Following the Seventh Circuit’s opinion and its denial of the Appellees’ petition for rehearing, the case will now be remanded to the district court. If the parties do not settle, there will be a trial to determine whether the Plan fiduciaries breached their fiduciary duties by failing to obtain competitive bids, and by relying on consultants for determining whether Hewitt’s fees were reasonable.

What the Seventh Circuit’s Holding Means for Plan Fiduciaries

The Seventh Circuit’s holding is disturbing because it flies in the face of what is a commonly accepted practice in today’s world of large ERISA plans. The Kraft Plan is a large plan with over 37,000 participants and over $2.7 billion in assets (at its lowest). Large plans routinely rely on consultants and other outside experts in determining pricing for plan service providers. Most large plans do not solicit RFPs on a regular basis, and for good reason. Engaging in a competitive bidding process is an extremely time consuming and expensive process. Moreover, such costs of administration generally may be paid from plan assets and therefore reduce participant investment returns. Converting a plan to a new recordkeeper also requires significant leg work, and detailed and expensive employee communications. Moreover, it is disruptive to plan participants, whose investment options will change, and who will be locked out of their plan accounts entirely for a period of time while the plan transitions to the new provider.

As Judge Cudahy states in his dissenting opinion:

It is hard to determine exactly what the majority’s holding means for ERISA fiduciaries…. The advice of consultants is not good enough to justify a fee, but competitive bidding may not always be required. So what is adequate to support a fee without fear of litigation? If plaintiffs can find one “expert” who will testify that the fee is too high, must there be a trial? Here, the trustees have a relationship with Hewitt going back fifteen years. They have a good sense of the dimensions of the job and Hewitt’s performance in carrying it out. Must they substitute any lower bidder that happens along? These are difficult questions and they leave room for the discretion which fiduciaries must be granted to perform their task. Holding otherwise will only serve to steer their attention toward avoiding litigation instead of managing employee wealth.2011 WL 1345463 at *14. These are all good questions which remain unanswered in the wake of the Seventh Circuit’s decision.

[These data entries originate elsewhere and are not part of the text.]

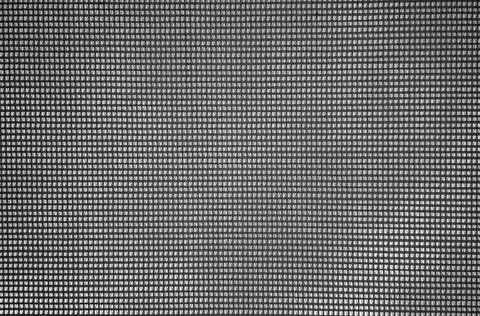Textured surface of checkered fabric Stock Photos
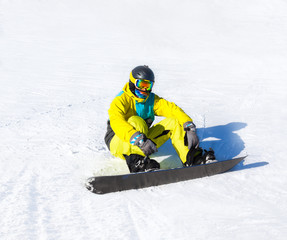 Snowboarder sitting on snow mountains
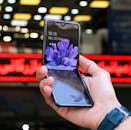 Close-up of a modern flip smartphone held in hand, showcasing innovative technology outdoors in a bustling city.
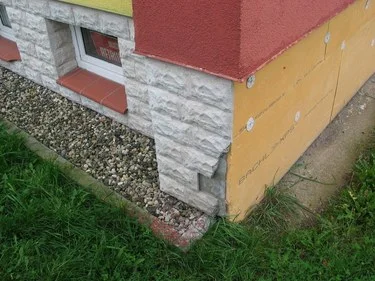 Detail domu ukazující výšku soklu nad štěrkem.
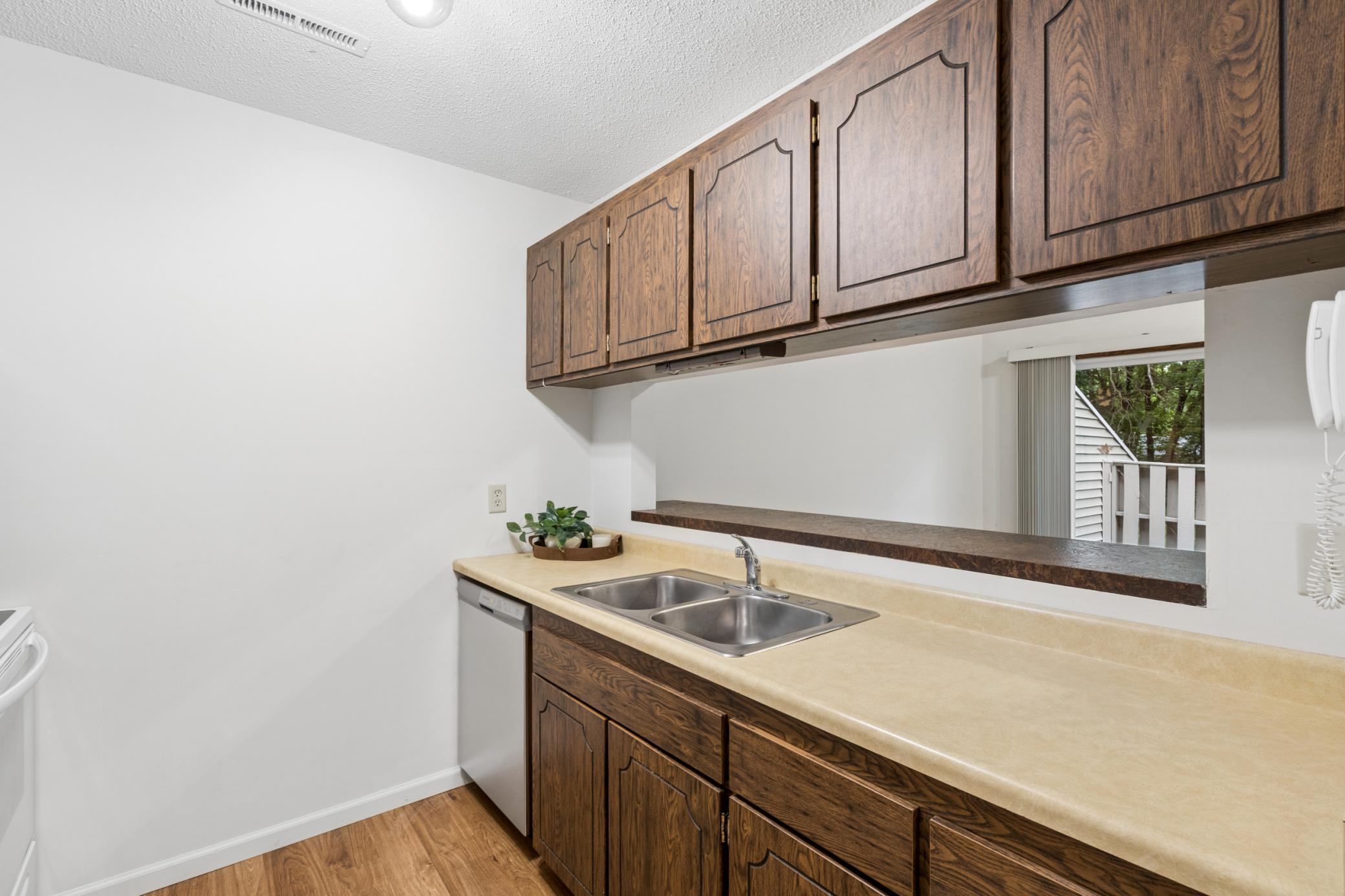 The galley-style kitchen features an open sightline to the living room, creating a connected and functional layout.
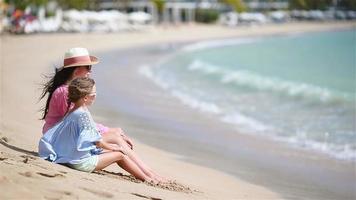 familj av mamma och barn njuta av havsutsikten på den vita stranden. familj avkopplande sittande på sanden video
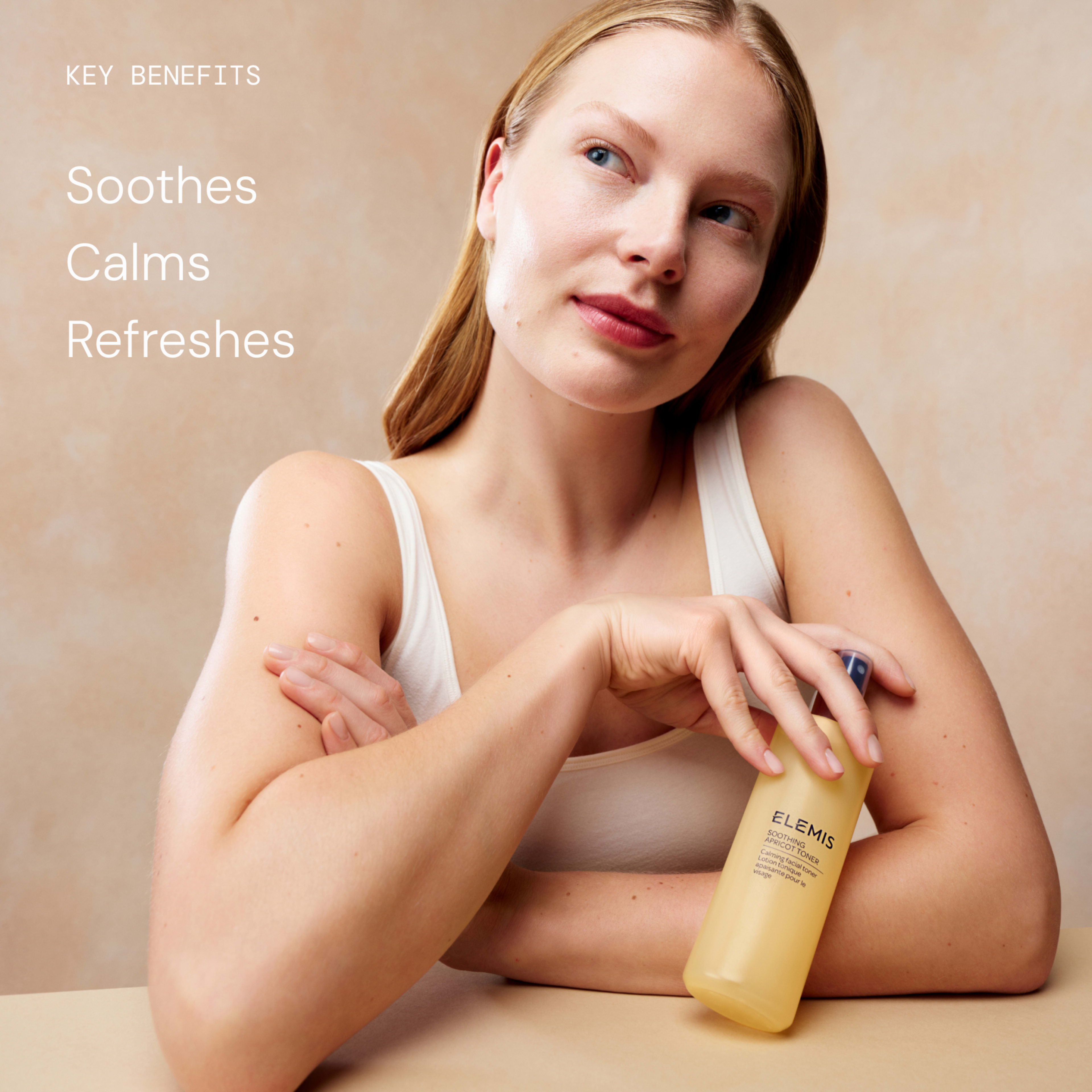 Woman in a white vest resting her arms on a table, holding a yellow ELEMIS bottle and looking thoughtfully to the side, against a neutral background. On the left, text reads: “Key benefits – Soothes, Calms, Refreshes”.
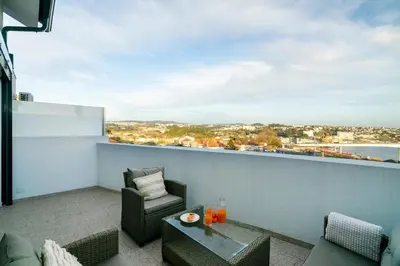 a balcony with a view of a city at WHome Riverside View Premium Apartment w/ AC & Terrace in Porto
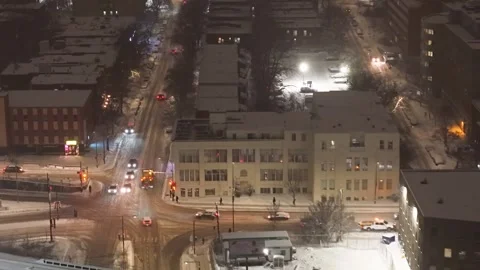 Montréal, Canada Dec '25 - High drone view of vehicles and plows moving in city Stock Footage 324866648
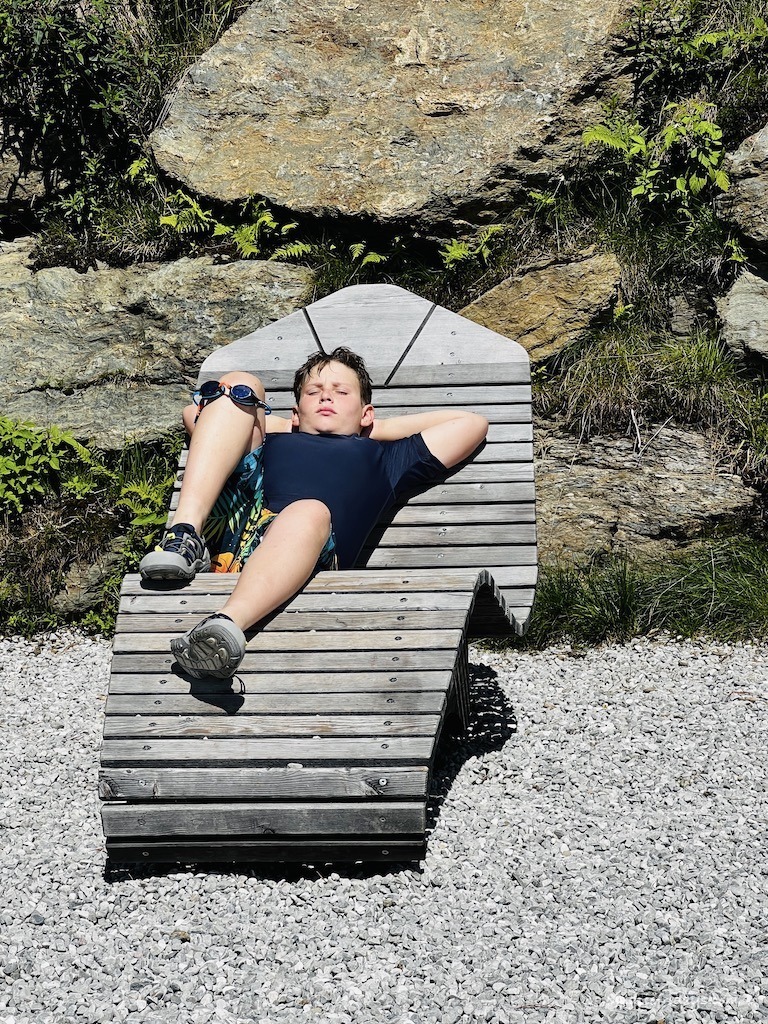 Charlie relaxing on a wooden sun lounger next to the Fichtensee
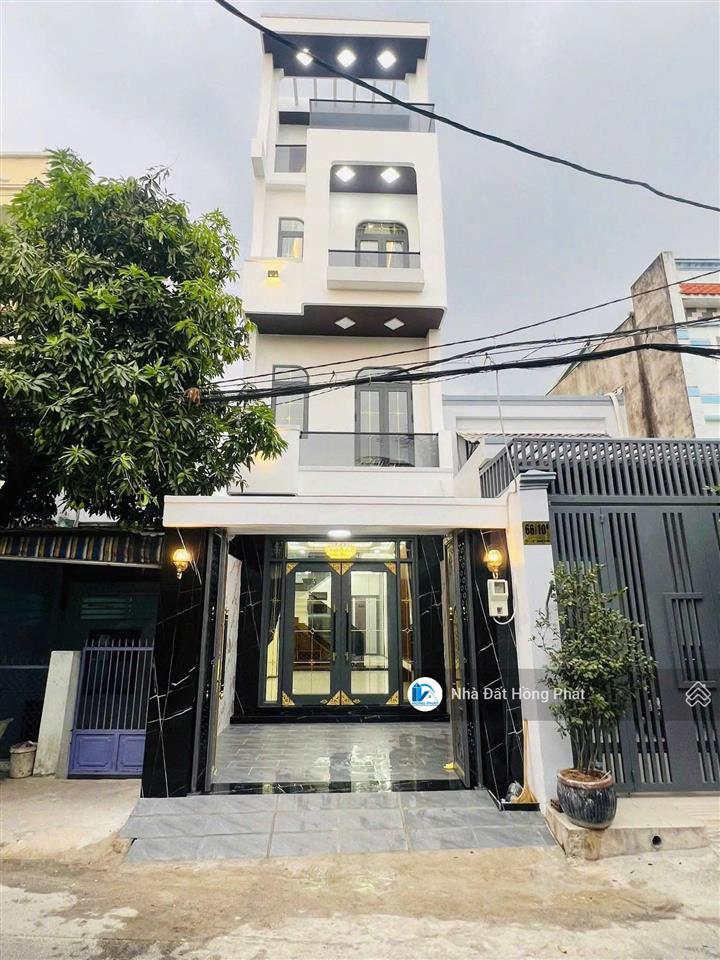 Nhà xinh 4m x 30m, mái đúc, đường thông 8m, gần chợ đại hải hóc môn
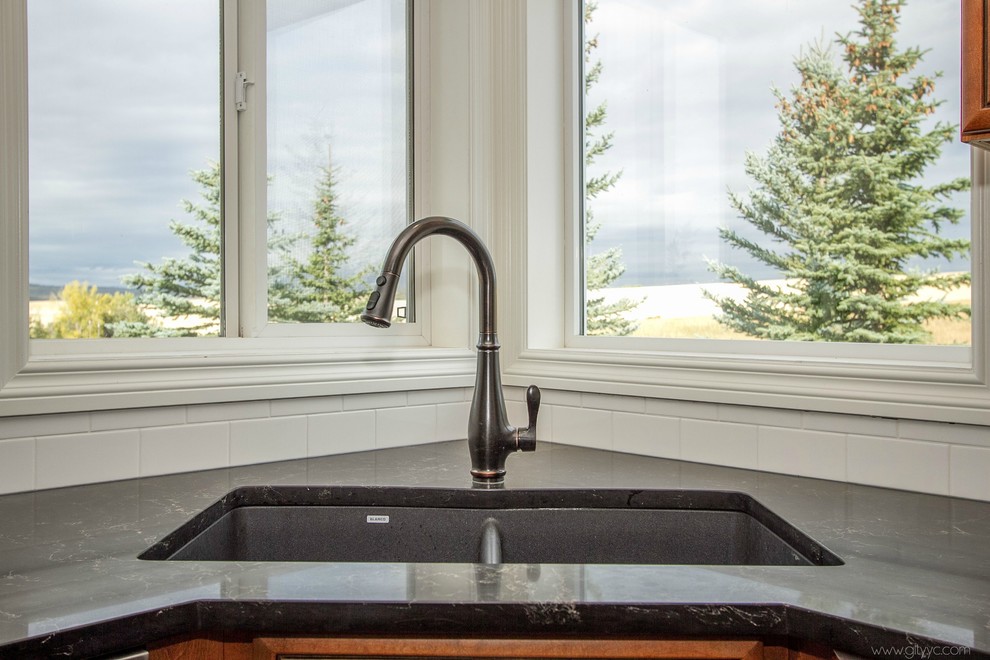 Home design - mid-sized rustic l-shaped laminate floor and black floor home design idea in Calgary with a drop-in sink, raised-panel cabinets, medium tone wood cabinets, quartzite countertops, white backsplash, ceramic backsplash, stainless steel appliances and an island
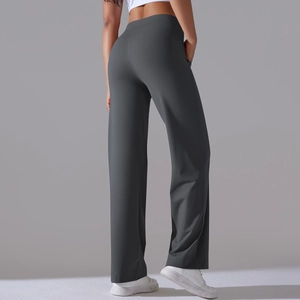 Back view of high-waisted flared yoga pants with drawstring and side pockets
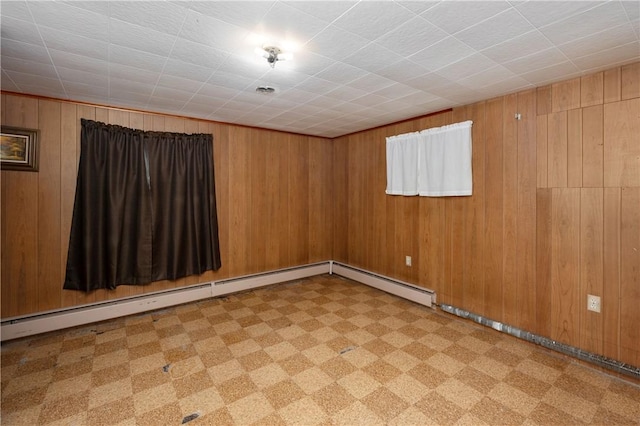 306 N Rd, Franklin Twp But, PA 16001 - unfurnished room featuring tile patterned floors, wooden walls, and a baseboard heating unit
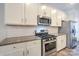 Modern kitchen design featuring stainless steel appliances, white cabinets, and granite countertops at 110 Synandra Dr # B, Mooresville, NC 28117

The Seventh Circuit’s decision in Kraft means that plan fiduciaries may face increased litigation challenging basic administrative and investment decisions. We will have to wait and see if other courts follow the Seventh Circuit’s lead, or if courts outside of the Seventh Circuit will continue to give plan fiduciaries deference in their administrative decisions regarding the plan. As the amici concluded, the Seventh Circuit’s holding unfortunately may “subject fiduciaries to costly ‘make-work’ requirements and the threat of litigation that Congress sought to avoid.”²


¹ —F.3d.—, No. 10-1469, 2011 WL 1345463 (7th Cir. Apr. 11 2011).

² Brief of Amici Curiae in Support of Appellees’ Petition for Rehearing En Banc, at *2.